Dans Dialectique de la dialectique, Luca et Trost entendent, à travers ce message adressé au surréalisme international, transformer le désir en « réalité du désir ». Ils précisent que le surréalisme ne cherche pas plus à gérer l’héritage de la pensée révolutionnaire qu’à occuper la place dévolue à l’avant-garde. Les surréalistes ne cessent de répliquer le désir. Comme le note Fijalkowski, ils se trouvent toujours dans la phase d’un « désir de désirer ». Aussi l’amour objectif vient-il prendre le relais de la découverte capitale du hasard objectif.

Fijalkowski, avec Amphitrite et Le Secret du vide et du plein, poursuit son étude au scalpel des textes infra-noir de Luca. Nous devinons, à travers ses indications minutieuses, tout un monde palpitant de passions et d’interrogations.
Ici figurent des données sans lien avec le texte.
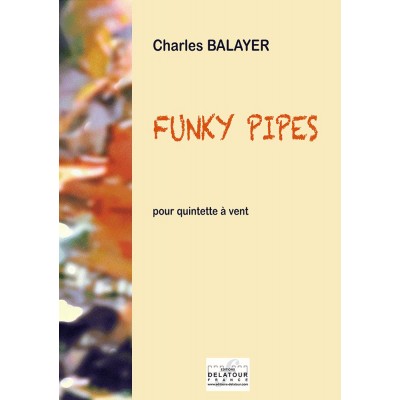 EDITIONS DELATOUR FRANCE BALAYER CHARLES - FUNKY PIPES POUR QUINTETTE A VENT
Alors qu’elle prétend conduire une étude serrée de deux textes de Trost, Le Même du même et Le Plaisir de flotter / Rêves et délires, Françoise Nicol échoue à montrer en quoi la théorie du Même du même trouve son application dans Le Plaisir de flotter. Elle ne voit pas que Trost est exactement dans la posture de Breton pour qui le Manifeste du surréalisme sert de préface aux images et aux « historiettes » de Poisson soluble. Mais surtout, loin de s’apercevoir que Trost (en même temps que Luca) renverse du tout au tout la théorie freudienne, elle suppose que Le Même du même « critique une partie de la conception freudienne du rêve et sa méthode d’interprétation. » En réalité, Trost ne conserve pas une seule miette de Freud. Dans la foulée des surréalistes des années 1920, il affirme la toute-puissance du rêve manifeste, invalide la quête du rêve latent et ne laisse plus la moindre place à l’interprétation freudienne. N’ayant pas compris le coup de force théorique opéré par Luca, Françoise Nicol n’a pas pu saisir l’importance du sous-titre du Plaisir de flotter qui ne fait que singer l’étude de Freud Délire et rêves dans la « Gradiva » de Jensen. Quand il rêve et délire, Trost ne flotte pas sur les décombres du passé mais sur une scène actuelle ou un paysage à venir. C’est ainsi qu’à notre grande stupéfaction nous décelons dans Plaisir de flotter la jeune fille et la jeune femme, deux personnages qui n’en feront bientôt qu’un dans Visible et invisible et Librement mécanique : la jeune fille-femme, la figure et le concept qui viendront enrichir les intuitions et les pensées de Trost.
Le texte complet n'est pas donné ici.